If I was to tell you my name then you might have heard of me, so I will just tell you that my first name is John, or at least it was. It is a common name and will give nothing away – not that you could ever consider me and him to be the same person. Not anymore.

I spent years as a police officer and did some good things that earned me a reputation as a bit of a hero. But stress takes its toll, and I was retired out of the police force with all kinds of awards and commendations and all kinds of prescriptions as well. They called it post-traumatic stress disorder.

I never liked the drugs and I tried to find a way of thinking my way out of the funk I was in. That had always been my way – Resourceful John. No matter how bad it looks, think and then act and don’t bother about the consequences.

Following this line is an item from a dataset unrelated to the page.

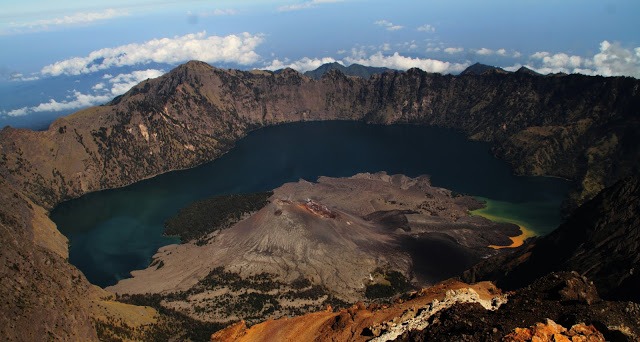 gunung-rinjani-yang-ikonik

The problem was who I was. I needed to imagine a life where I was the very opposite of who John was. I developed an alter ego, I guess. Somebody who was everything John was not. John was aggressive, in control, disrespectful of authority and a man’s man. The other me needed to be passive, craving direction and unquestioningly obedient, and the opposite of a man. I called her Jill, and she was female.

By this point you may wish to stop reading my story if you think that this is too weird. But try to consider what I have been through and what I had to do to cope with my mental state. The creation of Jill was just supposed to be somebody in my head that could balance me. I could simply ask myself – ‘Jill, how would you deal with this?’ John would step aside, and all the crisis of the moment would evaporate. Jill had no concerns at all. As long as she did what she was told everything would be fine.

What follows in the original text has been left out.